**Activity**: Take every line from the data that has the word "with" in it.

**Record set**:
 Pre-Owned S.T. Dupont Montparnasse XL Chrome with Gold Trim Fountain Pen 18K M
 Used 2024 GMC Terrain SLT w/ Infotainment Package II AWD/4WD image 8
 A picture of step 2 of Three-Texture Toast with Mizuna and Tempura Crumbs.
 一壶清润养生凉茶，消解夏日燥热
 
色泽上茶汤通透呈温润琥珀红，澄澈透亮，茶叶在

...

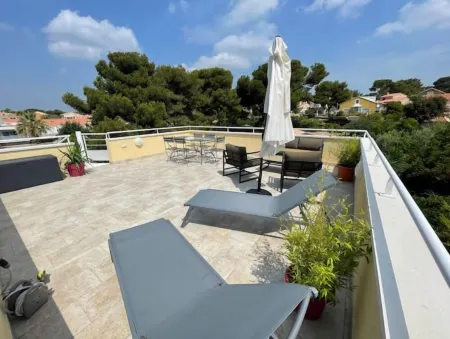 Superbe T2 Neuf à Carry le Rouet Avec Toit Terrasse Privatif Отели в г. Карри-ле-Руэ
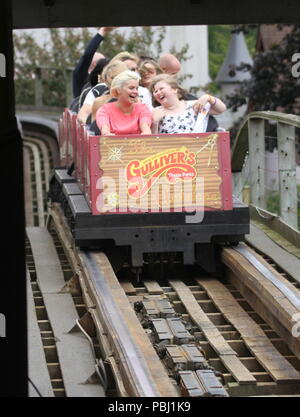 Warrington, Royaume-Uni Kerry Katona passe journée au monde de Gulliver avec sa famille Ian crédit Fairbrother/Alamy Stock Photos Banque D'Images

* * *

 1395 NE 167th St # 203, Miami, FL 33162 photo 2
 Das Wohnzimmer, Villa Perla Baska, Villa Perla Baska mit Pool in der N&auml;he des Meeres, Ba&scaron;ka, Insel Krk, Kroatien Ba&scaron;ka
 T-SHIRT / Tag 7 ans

**The answer**:
 Pre-Owned S.T. Dupont Montparnasse XL Chrome with Gold Trim Fountain Pen 18K M
 A picture of step 2 of Three-Texture Toast with Mizuna and Tempura Crumbs.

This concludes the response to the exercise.